[Start of section]

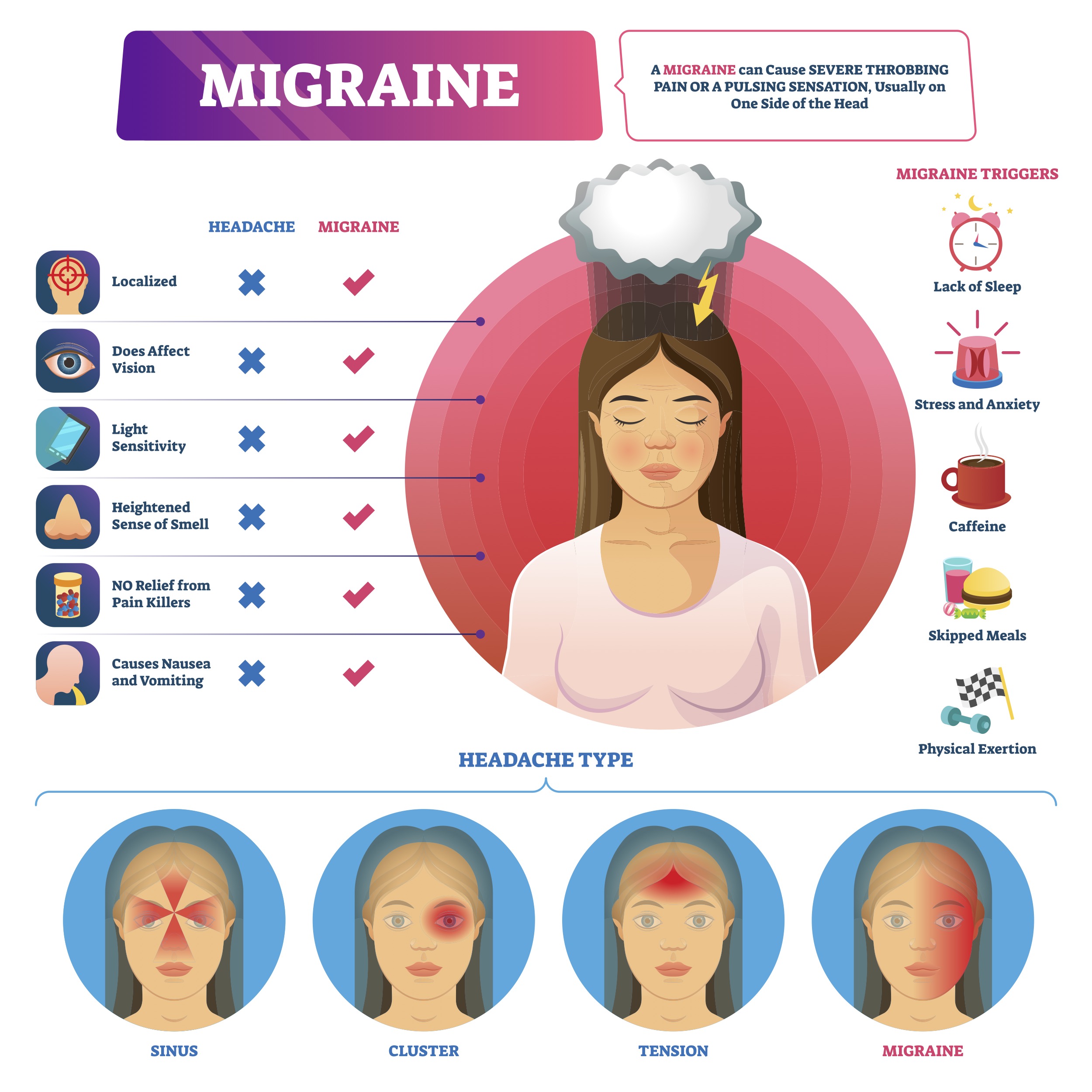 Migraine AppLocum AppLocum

[End of section]
[Start of section]

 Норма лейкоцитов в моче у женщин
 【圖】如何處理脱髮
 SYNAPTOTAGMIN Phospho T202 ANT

[End of section]

The problem. For the material above, reproduce exactly the lines from the line with "Норма лейкоцитов в моче у женщин" to the line with "SYNAPTOTAGMIN Phospho T202 ANT", inclusive, and exclude all others.

Solved problem.
 Норма лейкоцитов в моче у женщин
 【圖】如何處理脱髮
 SYNAPTOTAGMIN Phospho T202 ANT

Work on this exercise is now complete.